Elle s’est adressée tout d’abord aux coachs professionnels. Son intention est de partager et de mettre en œuvre des stratégies de coaching, « car les coachs sortent de leur formation avec plein d’outils sans toujours savoir les relier, les utiliser avec une intention ».
Elle s’adresse également aux managers, DRH et formateurs pour leur permettre de mieux comprendre ces profils et donner un autre regard au rôle du coaching dans la mise en place d’un système inclusif en entreprise et aux parents pour une meilleure compréhension du fonctionnement de leur enfant et développer un nouveau regard sur leurs difficultés actuelles.

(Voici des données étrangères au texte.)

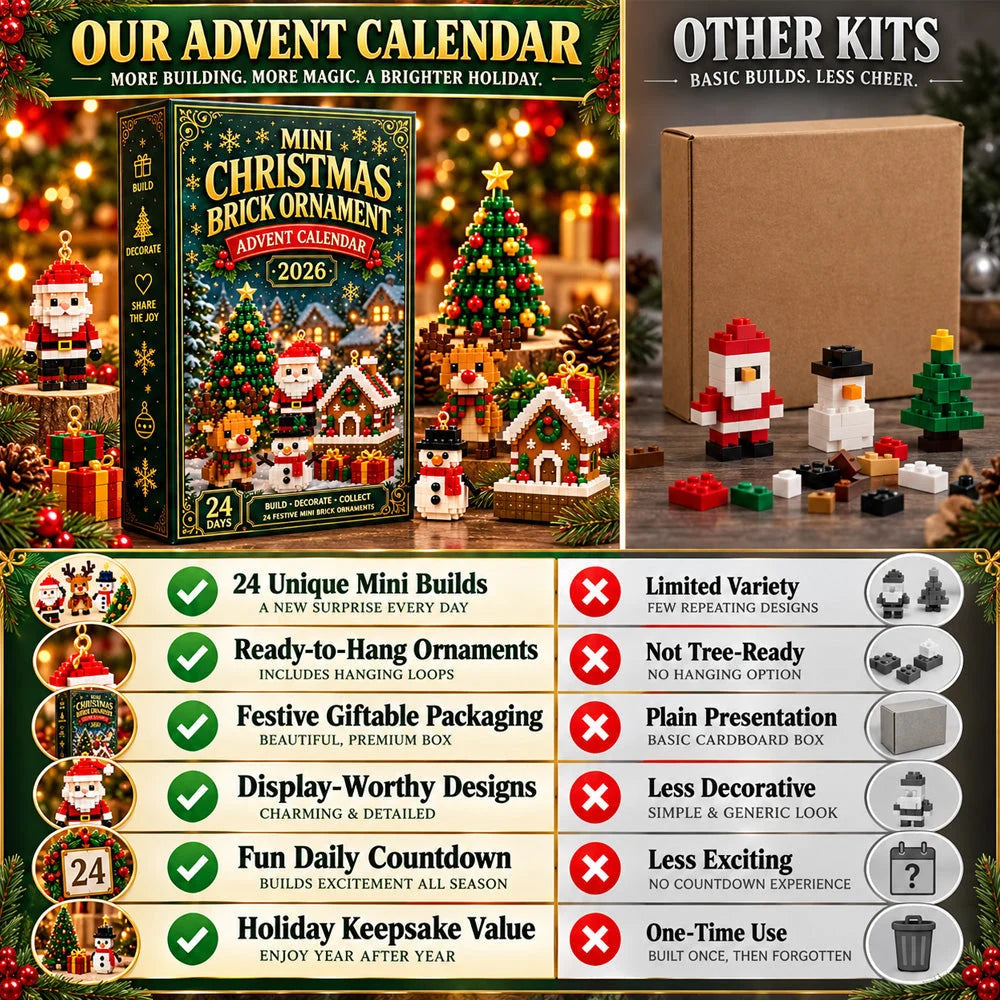 🎄24-Day Mini Christmas Brick Ornament Advent Calendar | 24 Unique Buildable Holiday Ornaments to Create, Hang & Keep 🧱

« Payer sa cotisation ICF, c’est dire merci et appartenir. »
Patricia a rejoint ICF au départ pour des raisons pragmatiques. Formatrice, mentor et assesseur dans une école de coaching accréditée ICF, elle passe tout naturellement sa certification PCC pour intégrer l’équipe.
Aujourd’hui elle veut soutenir le gage de sérieux et les valeurs d’ICF par son affiliation et sa contribution : « Payer sa cotisation ICF, c’est dire merci et appartenir ». Elle accompagne beaucoup de coachs, ce qui est un moyen efficace de transmettre sa vision singulière du coaching dans un cadre commun et international. L’avenir pour Patricia, c’est de transmettre une posture, de former des coachs inclusifs.
« Le monde inclusif c’est mon rêve. »
Avec le recul, elle s’aperçoit que sa vie professionnelle a été ponctuée de « choses possibles qu’elle croyait pourtant impossibles ».
Son rêve, aujourd’hui, est de relier l’école, l’entreprise, le coaching avec un mouvement, fluide d’inclusion : « Je veux porter le message de banalisation de la singularité, voire être une référente en matière de mise en œuvre concrète d’un système inclusif en entreprise et en milieu scolaire. Je souhaite être à l’initiative d’un mouvement où l’Amour (de soi, de l’Autre, du vivant) ne sera pas gnangnan, mais une expertise ! ».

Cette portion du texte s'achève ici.